Никакого ответа. Дин вошёл в заброшенный сад. Вскоре он увидел, что недалеко стоит отец — высокий, нескладный мужчина в охотничьей шапке и красном жилете. В руках он держал ружьё, а у его ног лежали три мёртвые белки. Он повернул к сыну своё всё ещё молодое, строгое, закалённое лицо, нисколько не удивлённое от вида сына — и нисколько не радостное.
— Тебе не следует подниматься сюда без красного жилета, Дин, — проворчал он. — Тебе повезло, что я не пристрелил тебя.
Дин не ответил.
— Что ж, здесь теперь больше не на что охотиться, — сказал Джон с раздражением, разряжая ружьё. — Ты всех распугал своими криками и хождением по кустам. Хоть есть теперь белки на обед.
Он начал спускаться к своей хижине. Дин пошёл за ним, едва успевая за его длинными, быстрыми шагами.
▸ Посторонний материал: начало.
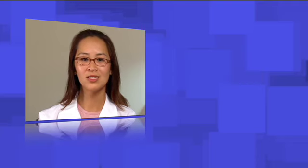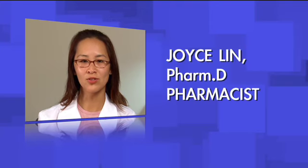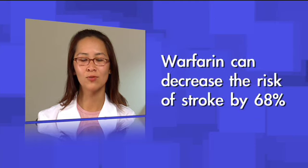To give you some statistics: 87% of strokes are caused by a blood clot. Other strokes are caused by a ruptured blood vessel. About 15% of all strokes happen in people with atrial fibrillation. Appropriate use of warfarin can reduce your risk of stroke by 68%.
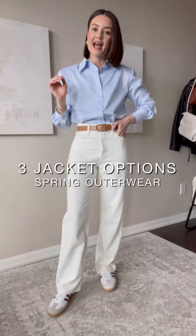I'm working from home today and this is what I'm wearing. I'm heading outside in a couple of hours. It's still slightly chilly so I need a jacket and I've got three options so let me show you.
После стольких лет охоты он всё ещё не растерял свою старую армейскую осанку, всё его тело было натянуто, как огромная стальная пружина. Когда они добрались до хижины, он не пригласил сына внутрь, да Дин и не ждал его приглашения. Вместо этого Джон бросил белок в корзину у двери, подошёл к пню у поленницы и сел на него. Он снял свою шапку, обнажив свои тёмные волосы, которые всё ещё стриг коротко, по-моряцки. Он не смотрел на Дина. Не имея места, чтобы присесть, тот рухнул на крыльцо.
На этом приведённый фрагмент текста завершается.